Lightning scrambling to save season
Sunday, 01.22.2012 / 4:26 PM / NHL Insider
By Jerry Brown - NHL.com Correspondent
GLENDALE, Ariz. -- They are still a lap behind the Eastern Conference playoff race. They lost forward Ryan Malone Saturday, putting nine regulars on their injured list and half of their AHL team in Tampa uniforms. And the magic that took them on a ride during last year's Stanley Cup playoffs has been conspicuous by its absence.
But Tampa Bay hasn't given up on the notion that Lightning can still strike twice.
On the heels of a seven-game winless streak and in danger of having their season end before the All-Star Break, the Lightning, or what's left of them, have regrouped and revived hope. They backed up a huge home win over Boston their first back-to-back road wins of the season – Friday's 2-1 squeaker over Dallas and a 4-3 win Saturday in Phoenix, where an exhausted team took a 4-1 lead to the third period and limped across the finish line.
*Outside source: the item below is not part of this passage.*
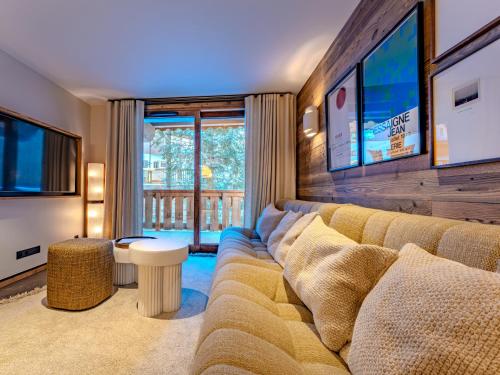 Photo de la galerie de l'établissement Appartement moderne à Méribel avec balcon, 3 chambres, conciergerie 5* - FR-1-613-137, à Les Allues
"We're so short-staffed it's not even funny, then we lost Malone right at the beginning and it's looking grim," Tampa Bay coach Guy Boucher said. "(In Dallas) I played our top guys a lot and we needed to play them a lot again and they responded. Let's not kid ourselves, when you're playing back-to—back you need your goalie to be great because it's just an unfair fight."
The goalie was fighting a lot too. Dwayne Roloson, who came to Tampa Bay last January and backstopped an improbable run to the Eastern Conference finals, hadn't won a game since Nov. 17 and was 0-6-1 in his last seven decisions. But the 42-year-old came up big against the Coyotes, making 15 of his 33 saves in the first period and survived a neck-wrenching, knockout elbow from Phoenix's Martin Hanzal with five minutes left to finish the job.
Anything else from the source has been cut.